Elle m'écouta longtemps sans rien dire; puis, me laissant prendre ses mains tièdes et tremblantes, elle s'avoua désarmée.
—Je suis brisée, me dit-elle, et je vous écoute comme dans un rêve. J'ai prié et pleuré toute la journée, et je ne voulais reparaître devant mes enfants que quand Dieu m'aurait rendu la force de vivre; mais Dieu m'abandonne, il m'a écrasée de honte et de remords sans m'envoyer le vrai repentir qui inspire les bonnes résolutions. J'ai invoqué l'âme de ma mère, elle m'a répondu: «Le repos n'est que dans la mort!» J'ai senti le froid de la dernière heure, et, loin de m'en défendre, je m'y suis abandonnée avec une volupté amère. Il me semblait qu'en mourant là, aux pieds du Christ, non pas assez rachetée par ma foi, mais purifiée par ma douleur, j'aurais au moins le repos éternel, le néant pour refuge. Dieu n'a pas plus voulu de ma destruction que de mes pleurs. Il vous a amené là pour me forcer à aimer, à brûler, à souffrir encore. Eh bien, que sa volonté soit faite! Je suis moins effrayée de l'avenir depuis que je sais que je peux mourir de fatigue et de chagrin quand le fardeau sera trop lourd.
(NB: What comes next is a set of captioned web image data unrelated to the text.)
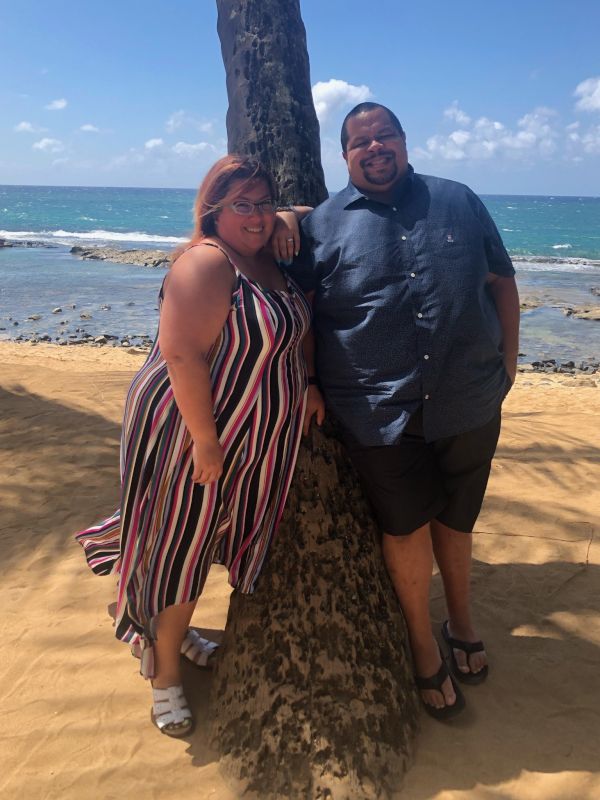 Visiting Hawaii
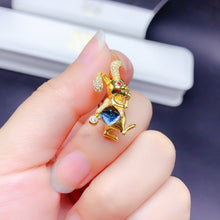 Charger l'image dans la galerie, BXX - 0614 - 135930 - 6 - 1 - 貴婦人の宝箱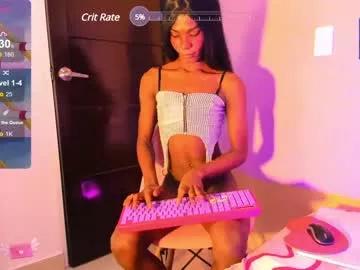 effy_marinn from Chaturbate is Freechat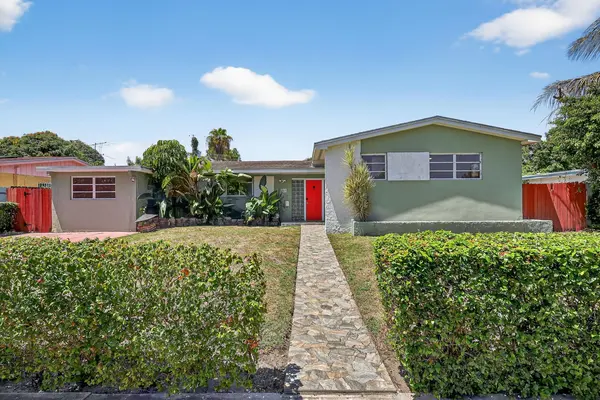 Coliving in North Miami Beach - Miami Dade, Miami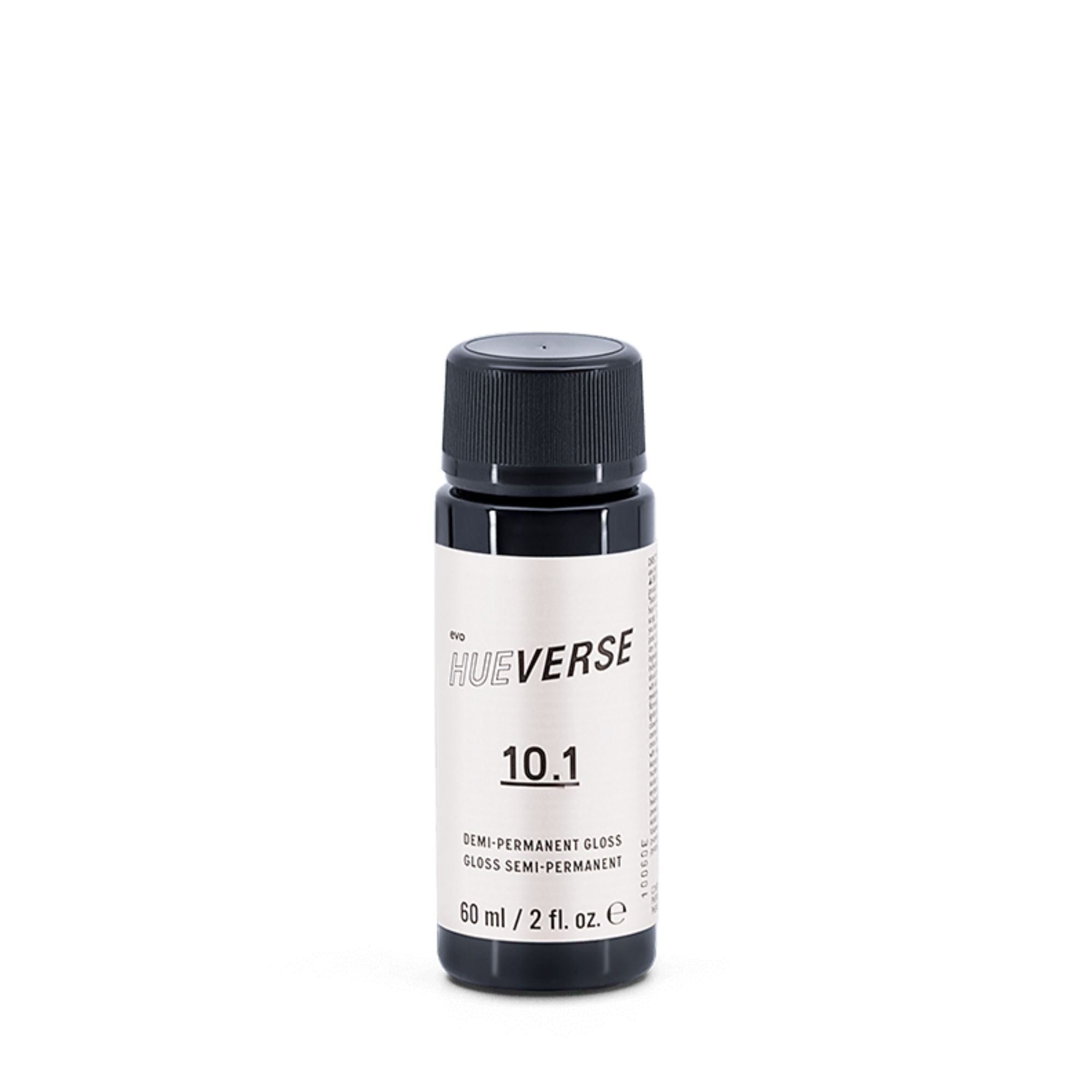 hue-verse 10.1 demi-permanent gloss 60ml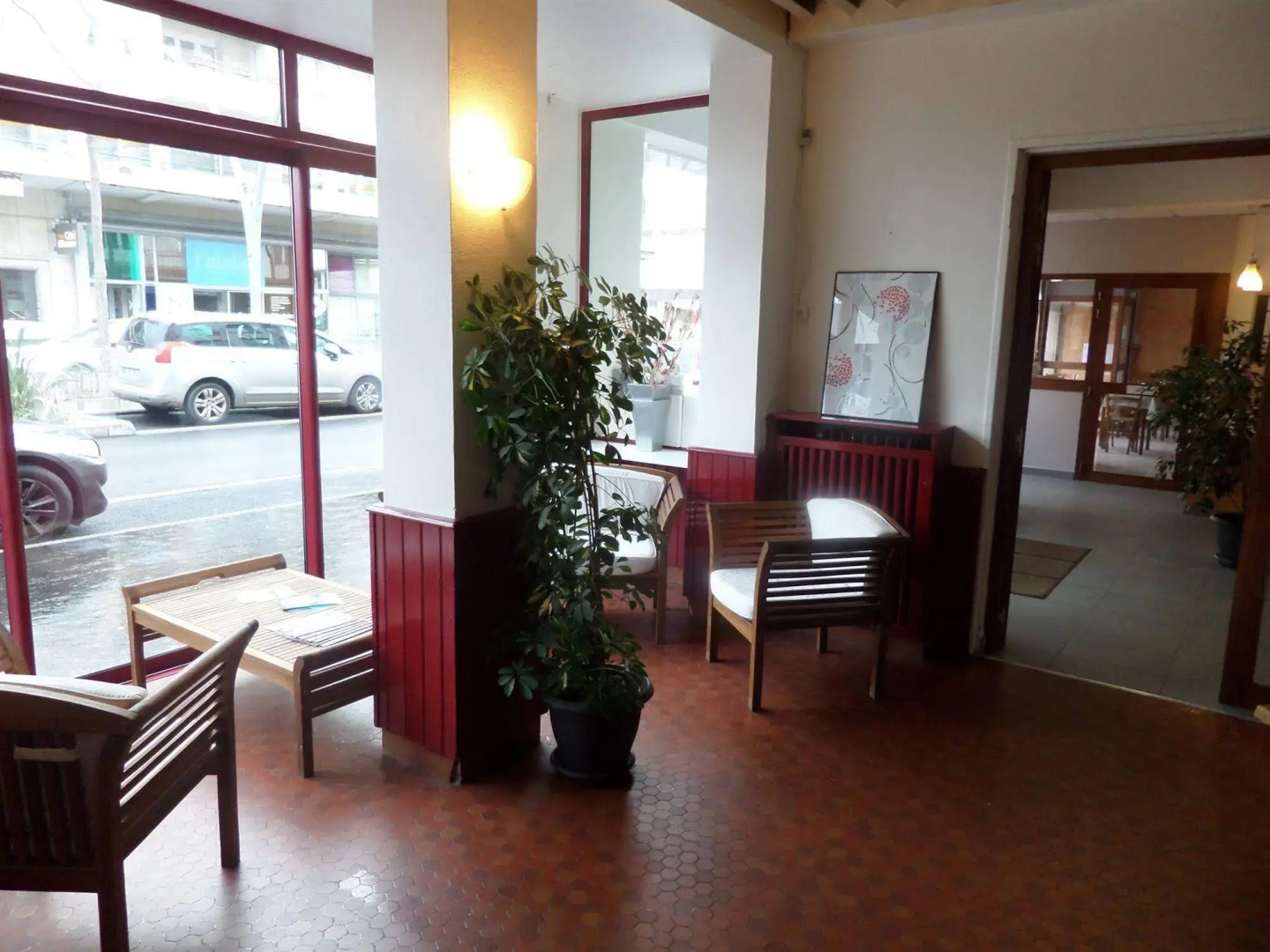 Hotel Restaurant La Luna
Alida était si saisissante et si belle dans son voluptueux accablement, que je trouvai l'éloquence d'un coeur profondément ému pour la convaincre et la rappeler à la vie, à l'amour et à l'espérance. Elle me vit si navré de sa peine, qu'à son tour elle eut pitié de moi et se reprocha mes pleurs. Nous échangeâmes les serments les plus enthousiastes d'être à jamais l'un à l'autre, quoi qu'il pût arriver de nous; mais, en nous séparant, qu'allions-nous faire? J'étais parti pour toutes les personnes que nous connaissions à Genève. L'heure avançait, on pouvait s'inquiéter de l'absence de madame de Valvèdre et la chercher.
—Rentrez, lui dis-je; je dois quitter cette ville, où nous sommes entourés de dangers et d'amertumes. Je me tiendrai dans les environs, je m'y cacherai et je vous écrirai. Il faut absolument que nous trouvions le moyen de nous voir avec sécurité et d'arranger notre avenir d'une manière décisive.
—Écrivez à la Bianca, me dit-elle; j'aurai vos lettres plus vite que par la poste restante. Je resterai à Genève pour les recevoir, et, de mon côté, je réfléchirai à la possibilité de nous revoir bientôt.